*Task description*:
Before writing anything, find the line that contains "Makita Burgija SDS-MAX", then retype the entries below exactly from their first line through that one, without pictures.

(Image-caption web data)
════════════════════
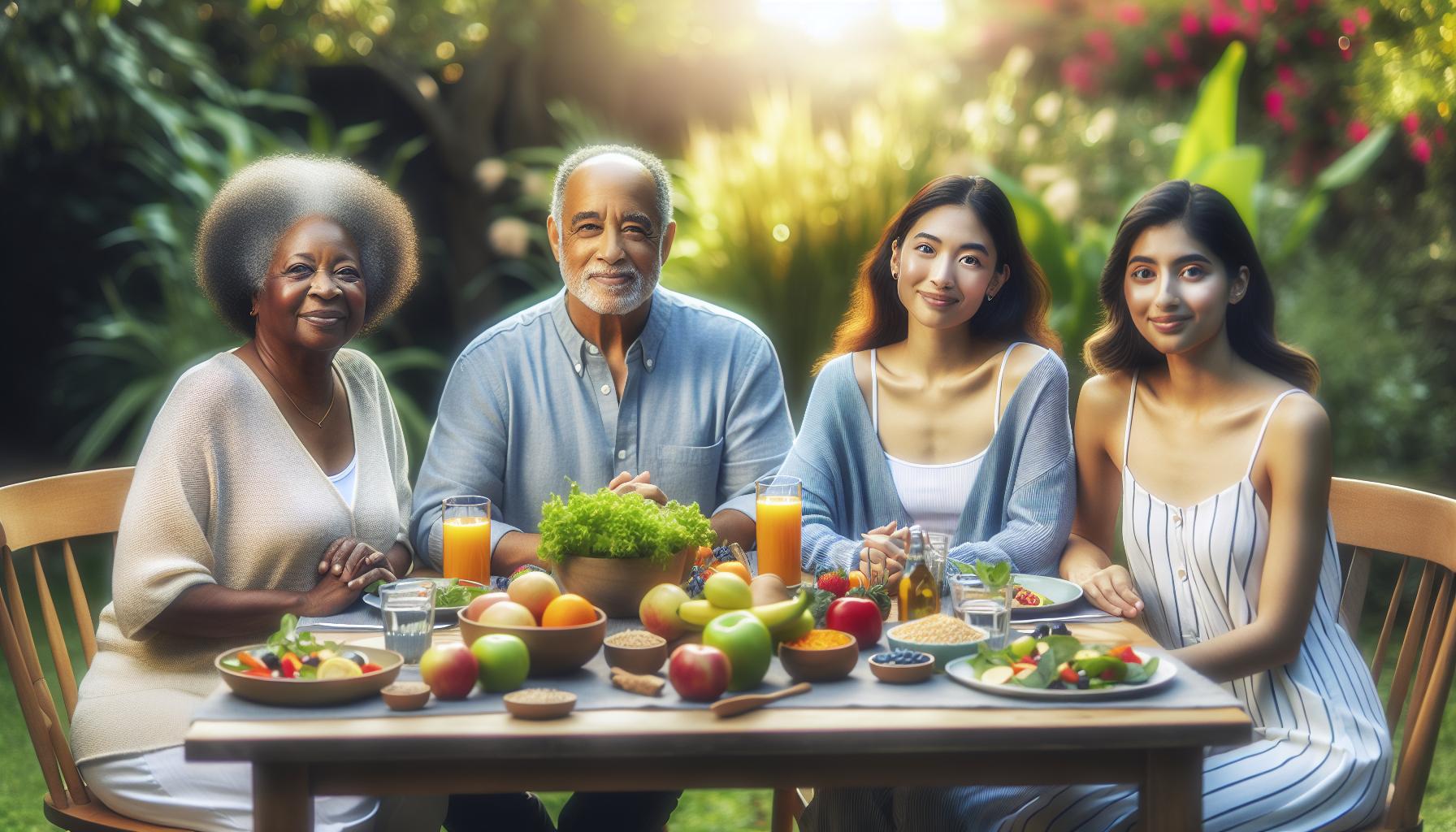 1. Comprendiendo los triglicéridos: ¿Por qué son importantes para nuestra salud?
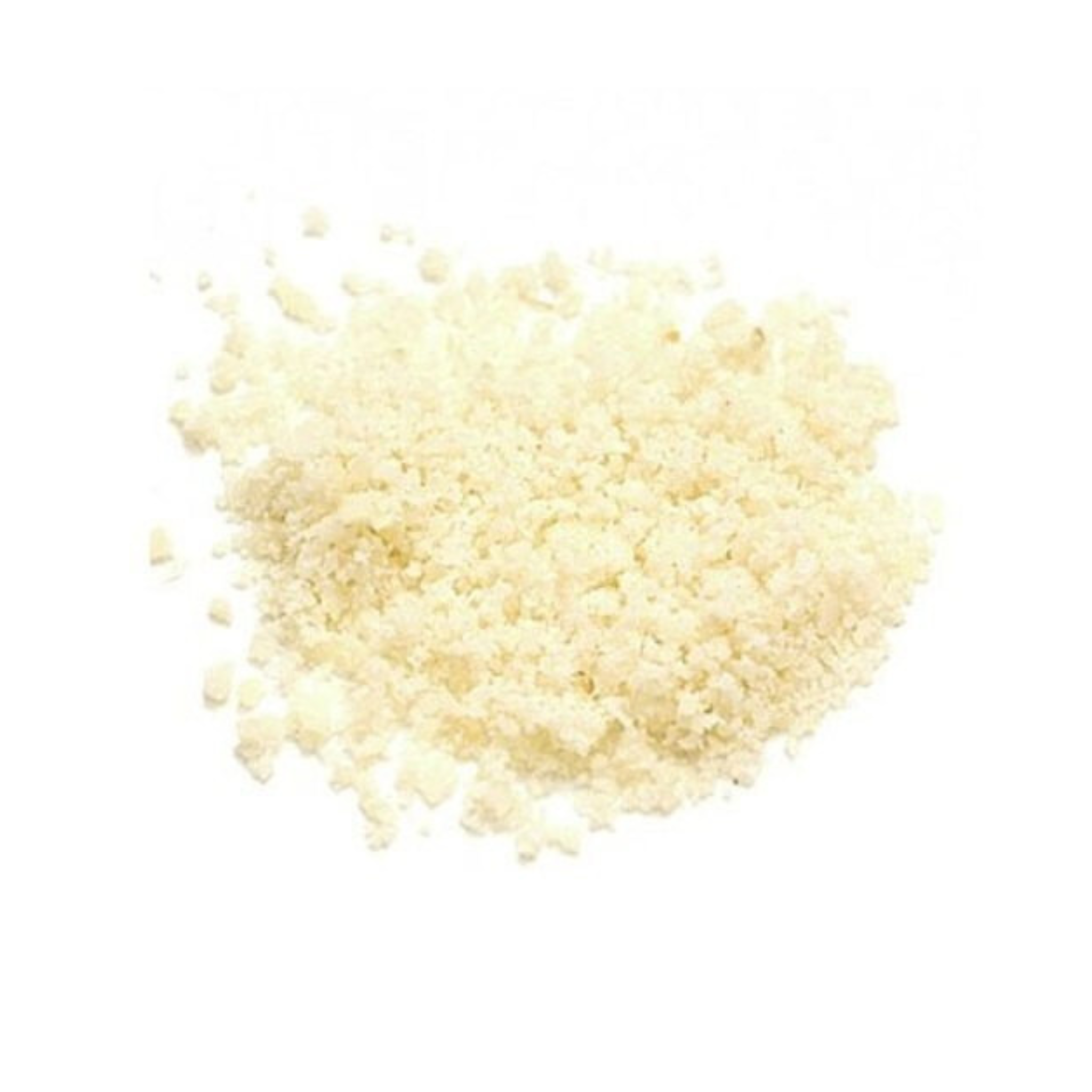 Ranson - Poudre d'Amande Extra Fine 1 kg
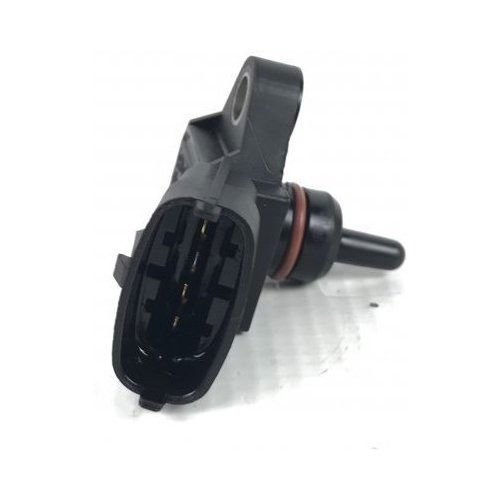 Sensor Map Hyundai Hb20 Veloster Kia Cerato Soul 1.6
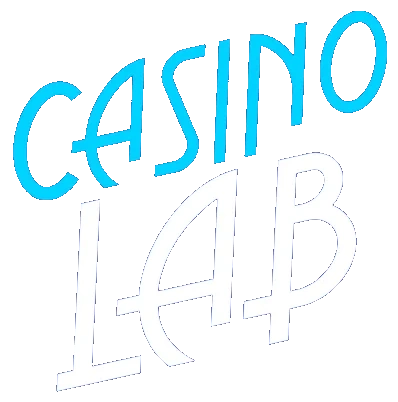 casino lab png logo TheGambleDoctor
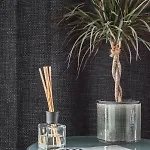 Hotel Le Richemont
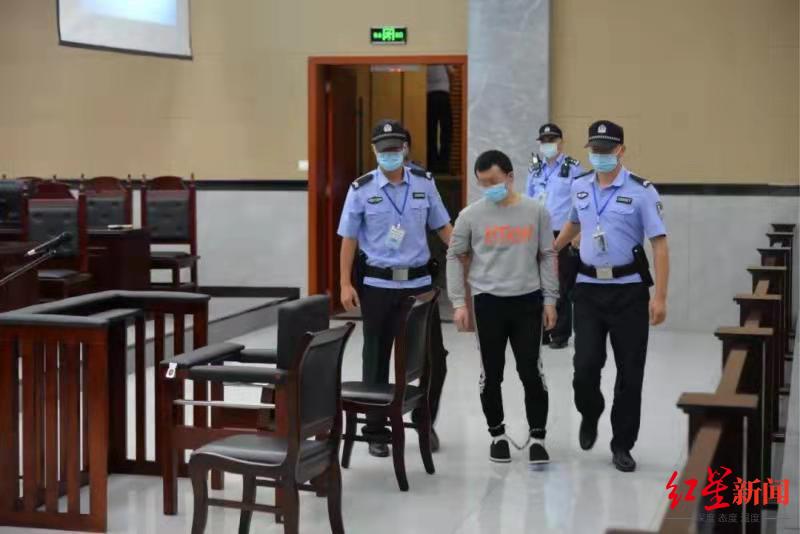 男子杀妻分尸掩埋后报警失踪,被判死缓限制减刑 女方家属索赔约83万休闲区蓝鸢梦想 - Www.slyday.coM 男子杀妻分尸掩埋后报警失踪,被判死缓限制减刑 女方家属索赔约83万休闲区蓝鸢梦想 - Www.slyday.coM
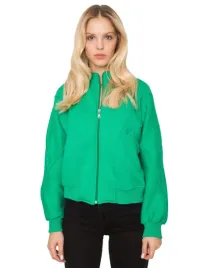 bluza-damska-bez-kaptura-rozpinana-bawelna-l-xl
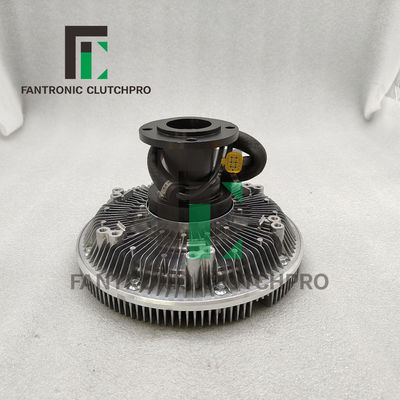 MAN FAN CLUTCH   51066300044  51.06630-0044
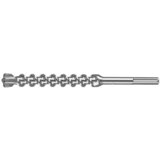 Makita Burgija SDS-MAX Makita P-17033 | Eponuda.com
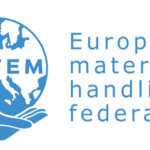 Concurrence déloyale : la FEM et 43 organisations européennes interpellent Bruxelles !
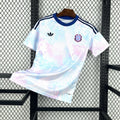 Costa Rica 2026 World Cup Away Jersey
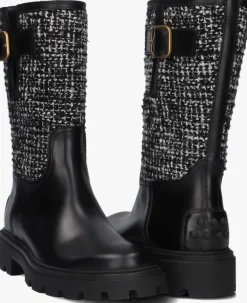 DAMES TOD'S e enkellaarsjes xxw08j0hn20sk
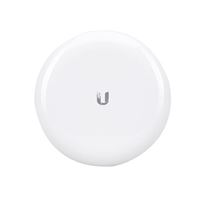 Ubiquiti Networks GigaBeam airMAX AC 60 GHz/5 GHz Radio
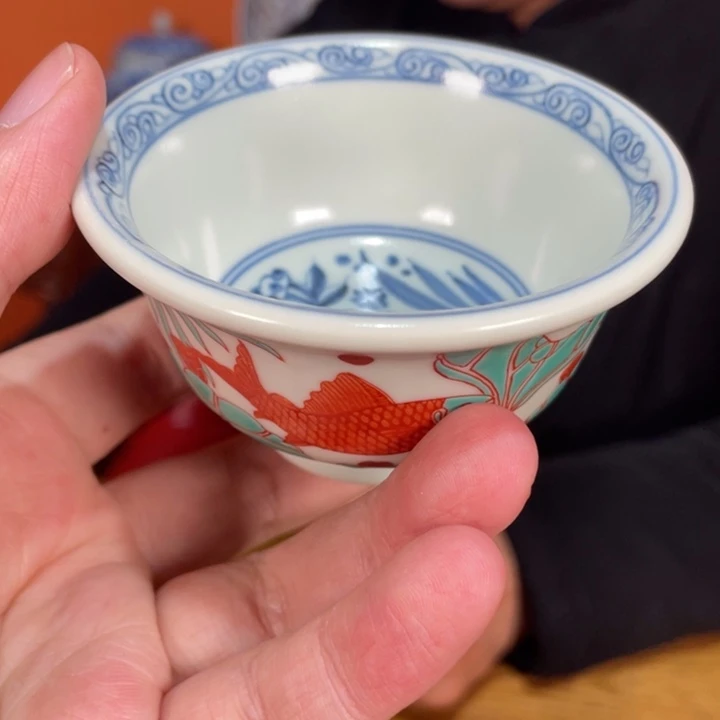 盘福利来啦，福利来啦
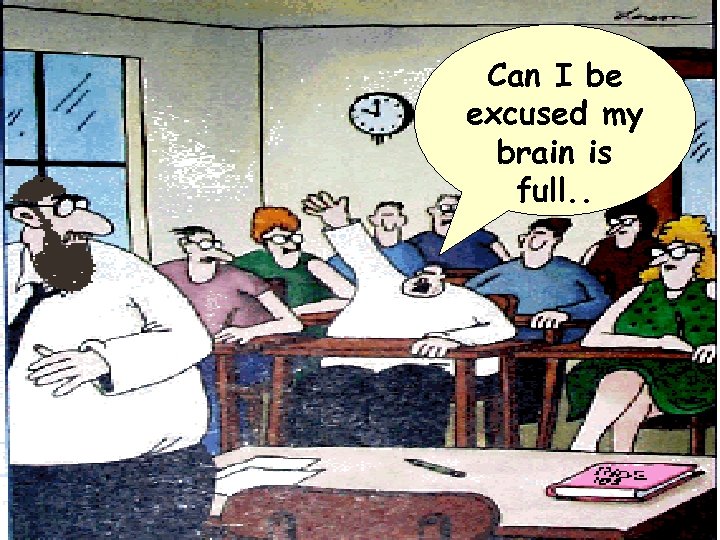 M A R K E T I N G M G T. S I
════════════════════
*Output below*:
 1. Comprendiendo los triglicéridos: ¿Por qué son importantes para nuestra salud?
 Ranson - Poudre d'Amande Extra Fine 1 kg
 Sensor Map Hyundai Hb20 Veloster Kia Cerato Soul 1.6
 casino lab png logo TheGambleDoctor
 Hotel Le Richemont
 男子杀妻分尸掩埋后报警失踪,被判死缓限制减刑 女方家属索赔约83万休闲区蓝鸢梦想 - Www.slyday.coM 男子杀妻分尸掩埋后报警失踪,被判死缓限制减刑 女方家属索赔约83万休闲区蓝鸢梦想 - Www.slyday.coM
 bluza-damska-bez-kaptura-rozpinana-bawelna-l-xl
 MAN FAN CLUTCH   51066300044  51.06630-0044
 Makita Burgija SDS-MAX Makita P-17033 | Eponuda.com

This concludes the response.